According to the experts, the holidays are the most popular time of year to get engaged…which means that many of you are probably reading this with a beautiful new ring on your finger and one big question in mind: what do we do next?
I got engaged on Dec. 20, 2011 (five days before Christmas and my birthday), and I remember all the excitement of sharing our news and showing off the ring throughout the holiday season. I also remember feeling totally lost once January hit, wondering what I should be doing to actually start planning the wedding.
For all the new brides-to-be (because let’s face it, your fiancé will be looking to you for direction), here’s a helpful cheat sheet to get you started.
1. Set a date
It sounds easy, but it’s not. In most cases, it’s less about “picking” a date, and more about being told which date your dream venue is available.
Part of the challenge of getting engaged at Christmas is that most popular venues are already booked for the upcoming spring/summer/fall season. If you are looking for a short engagement, consider a March/April/May wedding in the spring, or a November/December winter wedding (all of which will be cheaper than a wedding during peak season). Otherwise, plan for an 18 – 22 month engagement period.
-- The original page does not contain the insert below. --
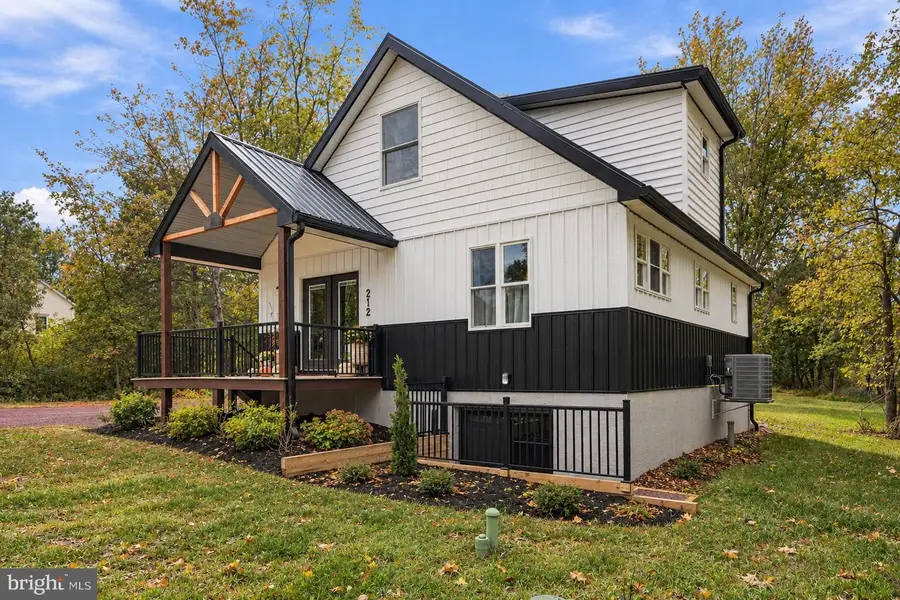 212 Pine Ford Rd, Pottstown, PA 19464 - #2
While you’ve probably been looking at reception venues for months already (in anticipation of the ring), you might not have considered how busy your church/temple/mosque or other place of worship is during wedding season. Remember to check in early if you are looking to have a religious ceremony, and ask for their availability on multiple dates and times during your desired month.
Coordinating a date that works for your venue, your place of worship and you is likely going to be the toughest part of planning your wedding, so have patience and get used to working the phones. Flexibility is key, and will go a long way in protecting your sanity.
2. Start dress shopping
After the ring, the most important detail is the dress and it’s one that needs immediate attention.
What brides-to-be might not know is that once you find the perfect dress, it takes about seven to eight months to manufacture it. Given that many brides want to take their time by visiting lots of boutiques with family and friends, to try on lots of dresses, this process needs to start early. 10-12 months before the wedding is ideal.
3. Research photographers and videographers
Wedding photographers and videographers book up FAST and are typically one of your most expensive budget items. Once you have an idea about the date, start reaching out to three or four companies that you like for their availability. Don’t be surprised if they are all booked. Make sure to have a back-up list – it’s completely normal to speak with 5-10 photographers before landing on one that you like, that has the date available and that you can afford.
4. Figure out a budget
This can be really difficult, especially if you are the first person in your family to get married in 20 years and no one has a clue about current pricing. The basic message is that weddings are expensive. A wedding limo service is more expensive than just booking a limo for a night out. A wedding cake is more expensive than a normal cake. Put the word “wedding” in front of anything and it is more expensive.
Since finances are personal and every couple is different, here are a few questions to consider when setting a budget:
Do we have a total dollar amount in mind that we want to spend?
If so, work backwards from that amount and allocate most of the money to the biggest line items in your budget: venue/catering, photographer/videographer, dress, rings, invitations, limo, cake, honeymoon. Start with a basic budget and adjust as you get deeper into the planning.
Will we be receiving help from family?
This is a tricky subject to raise with your family, but it’s one that is best discussed at the very beginning of planning. While contributions to the wedding fund are great, it doesn’t feel good to find out that more money is coming your way AFTER you’ve already taken a pass on your dream dress because it was just out of your budget.
In our culture, is it normal to receive cash gifts? What if we don’t make enough to cover our expenses?
When it comes to wedding gifts, in many cultures cash is king. This can be a great way to finance a wedding, but it’s not without risk. Be cautious when making assumptions about the average gift amount per couple. What if you’ve confirmed 300 people for a December wedding, a snow storm hits and only 280 people show? Will the other 20 still send gifts? Will you receive them in time to pay off the bill?
Planning a wedding can be a ton of fun (as well as a ton of work), and getting the basics right at the beginning can help to alleviate a lot of stress later on. Figure out these four items early, and the rest will be a piece of cake.